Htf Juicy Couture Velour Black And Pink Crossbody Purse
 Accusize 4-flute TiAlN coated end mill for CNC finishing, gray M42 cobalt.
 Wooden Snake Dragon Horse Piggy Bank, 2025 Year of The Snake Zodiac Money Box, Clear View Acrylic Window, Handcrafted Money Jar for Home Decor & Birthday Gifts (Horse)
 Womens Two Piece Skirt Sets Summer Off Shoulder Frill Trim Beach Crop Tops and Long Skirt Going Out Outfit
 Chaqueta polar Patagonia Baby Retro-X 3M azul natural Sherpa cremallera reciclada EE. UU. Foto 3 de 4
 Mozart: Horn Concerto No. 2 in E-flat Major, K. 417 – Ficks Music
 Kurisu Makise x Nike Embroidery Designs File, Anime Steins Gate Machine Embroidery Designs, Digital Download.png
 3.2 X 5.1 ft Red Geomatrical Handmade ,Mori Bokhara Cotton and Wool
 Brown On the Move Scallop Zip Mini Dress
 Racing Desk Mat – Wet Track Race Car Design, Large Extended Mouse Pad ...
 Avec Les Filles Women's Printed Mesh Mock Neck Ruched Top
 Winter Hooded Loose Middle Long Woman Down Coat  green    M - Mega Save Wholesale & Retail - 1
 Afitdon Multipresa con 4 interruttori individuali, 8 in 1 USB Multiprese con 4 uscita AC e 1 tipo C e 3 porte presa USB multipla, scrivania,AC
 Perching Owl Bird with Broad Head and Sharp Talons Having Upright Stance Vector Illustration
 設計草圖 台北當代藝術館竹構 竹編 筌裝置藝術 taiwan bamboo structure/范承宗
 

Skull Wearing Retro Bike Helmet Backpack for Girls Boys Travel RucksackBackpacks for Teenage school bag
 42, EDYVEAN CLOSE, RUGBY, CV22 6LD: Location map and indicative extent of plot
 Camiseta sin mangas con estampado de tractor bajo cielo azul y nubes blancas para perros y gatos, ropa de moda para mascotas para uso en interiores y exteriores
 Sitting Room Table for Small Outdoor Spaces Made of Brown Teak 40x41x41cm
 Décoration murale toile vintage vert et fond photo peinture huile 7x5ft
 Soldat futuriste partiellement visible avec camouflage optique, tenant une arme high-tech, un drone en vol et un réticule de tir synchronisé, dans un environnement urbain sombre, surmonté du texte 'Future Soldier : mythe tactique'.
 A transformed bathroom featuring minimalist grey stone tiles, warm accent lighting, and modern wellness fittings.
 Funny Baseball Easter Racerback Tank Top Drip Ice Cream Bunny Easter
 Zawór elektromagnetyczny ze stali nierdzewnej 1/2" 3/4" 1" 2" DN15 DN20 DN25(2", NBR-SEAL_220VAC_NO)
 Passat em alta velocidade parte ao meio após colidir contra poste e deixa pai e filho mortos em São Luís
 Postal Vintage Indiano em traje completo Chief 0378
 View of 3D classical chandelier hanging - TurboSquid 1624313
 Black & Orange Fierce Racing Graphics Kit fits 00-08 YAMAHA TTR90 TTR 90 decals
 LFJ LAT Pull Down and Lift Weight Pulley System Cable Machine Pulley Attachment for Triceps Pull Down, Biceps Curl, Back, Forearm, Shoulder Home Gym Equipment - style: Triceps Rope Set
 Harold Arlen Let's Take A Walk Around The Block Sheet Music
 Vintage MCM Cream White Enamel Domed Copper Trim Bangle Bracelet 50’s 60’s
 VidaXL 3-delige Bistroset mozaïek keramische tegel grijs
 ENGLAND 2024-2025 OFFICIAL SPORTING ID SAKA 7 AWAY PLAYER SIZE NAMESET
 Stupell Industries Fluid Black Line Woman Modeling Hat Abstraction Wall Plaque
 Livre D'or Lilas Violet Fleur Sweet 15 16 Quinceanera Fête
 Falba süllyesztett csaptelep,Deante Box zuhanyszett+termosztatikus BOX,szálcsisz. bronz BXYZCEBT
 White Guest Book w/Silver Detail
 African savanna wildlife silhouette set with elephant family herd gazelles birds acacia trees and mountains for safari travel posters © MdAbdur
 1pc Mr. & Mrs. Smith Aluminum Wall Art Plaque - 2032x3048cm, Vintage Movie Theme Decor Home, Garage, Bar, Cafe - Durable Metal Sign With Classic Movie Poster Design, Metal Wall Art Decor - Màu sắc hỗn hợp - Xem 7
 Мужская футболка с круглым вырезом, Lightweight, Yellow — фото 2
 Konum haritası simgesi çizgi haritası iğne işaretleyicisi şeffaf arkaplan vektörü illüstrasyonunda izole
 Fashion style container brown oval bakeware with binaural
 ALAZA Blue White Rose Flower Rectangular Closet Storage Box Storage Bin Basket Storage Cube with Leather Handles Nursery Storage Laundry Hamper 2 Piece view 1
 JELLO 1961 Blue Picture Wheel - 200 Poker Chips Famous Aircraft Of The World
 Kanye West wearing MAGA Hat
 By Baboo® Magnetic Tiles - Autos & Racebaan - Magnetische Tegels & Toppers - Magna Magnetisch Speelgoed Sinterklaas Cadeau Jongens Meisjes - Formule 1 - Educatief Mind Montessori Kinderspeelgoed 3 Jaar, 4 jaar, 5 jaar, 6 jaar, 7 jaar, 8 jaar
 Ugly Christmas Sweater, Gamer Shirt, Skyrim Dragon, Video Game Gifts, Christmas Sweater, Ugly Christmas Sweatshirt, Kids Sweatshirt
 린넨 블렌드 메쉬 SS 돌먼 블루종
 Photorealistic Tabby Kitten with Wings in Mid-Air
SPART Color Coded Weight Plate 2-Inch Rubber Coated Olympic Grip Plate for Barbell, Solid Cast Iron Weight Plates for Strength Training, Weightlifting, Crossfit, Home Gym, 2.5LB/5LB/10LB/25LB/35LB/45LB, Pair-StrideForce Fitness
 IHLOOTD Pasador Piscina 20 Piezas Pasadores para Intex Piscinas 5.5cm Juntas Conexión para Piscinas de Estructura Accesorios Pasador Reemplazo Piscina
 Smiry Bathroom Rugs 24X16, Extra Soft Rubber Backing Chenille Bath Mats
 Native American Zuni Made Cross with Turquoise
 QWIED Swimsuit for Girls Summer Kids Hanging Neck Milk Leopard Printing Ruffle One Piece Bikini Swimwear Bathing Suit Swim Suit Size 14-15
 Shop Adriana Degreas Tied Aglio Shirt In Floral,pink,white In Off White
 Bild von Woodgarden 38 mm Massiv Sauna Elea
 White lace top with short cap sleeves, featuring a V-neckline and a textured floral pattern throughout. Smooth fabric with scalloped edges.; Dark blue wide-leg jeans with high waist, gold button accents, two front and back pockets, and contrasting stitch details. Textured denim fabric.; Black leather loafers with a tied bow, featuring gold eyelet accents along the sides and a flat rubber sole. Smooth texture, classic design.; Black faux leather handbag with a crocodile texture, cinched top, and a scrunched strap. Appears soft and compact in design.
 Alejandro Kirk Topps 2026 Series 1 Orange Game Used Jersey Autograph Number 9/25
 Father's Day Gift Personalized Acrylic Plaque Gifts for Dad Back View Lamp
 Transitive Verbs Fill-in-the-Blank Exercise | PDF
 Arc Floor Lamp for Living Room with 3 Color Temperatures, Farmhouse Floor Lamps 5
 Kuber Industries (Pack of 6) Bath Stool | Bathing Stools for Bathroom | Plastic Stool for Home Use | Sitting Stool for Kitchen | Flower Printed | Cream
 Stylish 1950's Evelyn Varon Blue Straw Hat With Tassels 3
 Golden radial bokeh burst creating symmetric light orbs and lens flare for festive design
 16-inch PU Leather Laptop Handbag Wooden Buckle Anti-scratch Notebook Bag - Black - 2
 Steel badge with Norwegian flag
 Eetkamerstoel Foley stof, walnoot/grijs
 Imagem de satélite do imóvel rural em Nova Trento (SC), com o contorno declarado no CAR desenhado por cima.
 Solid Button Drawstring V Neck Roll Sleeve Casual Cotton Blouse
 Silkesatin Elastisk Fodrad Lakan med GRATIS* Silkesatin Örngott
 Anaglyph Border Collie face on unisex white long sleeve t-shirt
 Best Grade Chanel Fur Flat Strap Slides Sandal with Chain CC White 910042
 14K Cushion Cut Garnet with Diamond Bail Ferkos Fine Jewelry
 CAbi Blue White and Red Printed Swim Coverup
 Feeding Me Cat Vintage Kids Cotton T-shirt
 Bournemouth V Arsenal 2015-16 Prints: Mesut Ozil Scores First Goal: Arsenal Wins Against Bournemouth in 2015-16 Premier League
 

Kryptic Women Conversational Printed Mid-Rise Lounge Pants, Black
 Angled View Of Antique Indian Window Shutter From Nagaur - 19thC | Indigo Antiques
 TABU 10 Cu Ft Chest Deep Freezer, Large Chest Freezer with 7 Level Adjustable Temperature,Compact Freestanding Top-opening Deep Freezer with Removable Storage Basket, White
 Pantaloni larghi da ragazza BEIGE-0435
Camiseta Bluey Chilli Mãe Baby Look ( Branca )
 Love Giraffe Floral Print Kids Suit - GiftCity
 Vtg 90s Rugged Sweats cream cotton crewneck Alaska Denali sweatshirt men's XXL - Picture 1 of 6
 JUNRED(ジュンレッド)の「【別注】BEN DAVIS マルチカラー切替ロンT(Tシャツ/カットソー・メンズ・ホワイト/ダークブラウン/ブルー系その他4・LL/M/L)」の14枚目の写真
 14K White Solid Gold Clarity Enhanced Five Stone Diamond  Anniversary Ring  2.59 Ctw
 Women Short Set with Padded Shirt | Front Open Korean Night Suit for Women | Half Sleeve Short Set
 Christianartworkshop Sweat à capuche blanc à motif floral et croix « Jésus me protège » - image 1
────────
= AIM OF THE EXERCISE =
All lines in the listing above from the line containing "Bild von Woodgarden 38 mm Massiv Sauna Elea" to the line containing "Kuber Industries (Pack", inclusive, should be retyped exactly; no other lines should appear.

= ANSWER SPACE =
 Bild von Woodgarden 38 mm Massiv Sauna Elea
 White lace top with short cap sleeves, featuring a V-neckline and a textured floral pattern throughout. Smooth fabric with scalloped edges.; Dark blue wide-leg jeans with high waist, gold button accents, two front and back pockets, and contrasting stitch details. Textured denim fabric.; Black leather loafers with a tied bow, featuring gold eyelet accents along the sides and a flat rubber sole. Smooth texture, classic design.; Black faux leather handbag with a crocodile texture, cinched top, and a scrunched strap. Appears soft and compact in design.
 Alejandro Kirk Topps 2026 Series 1 Orange Game Used Jersey Autograph Number 9/25
 Father's Day Gift Personalized Acrylic Plaque Gifts for Dad Back View Lamp
 Transitive Verbs Fill-in-the-Blank Exercise | PDF
 Arc Floor Lamp for Living Room with 3 Color Temperatures, Farmhouse Floor Lamps 5
 Kuber Industries (Pack of 6) Bath Stool | Bathing Stools for Bathroom | Plastic Stool for Home Use | Sitting Stool for Kitchen | Flower Printed | Cream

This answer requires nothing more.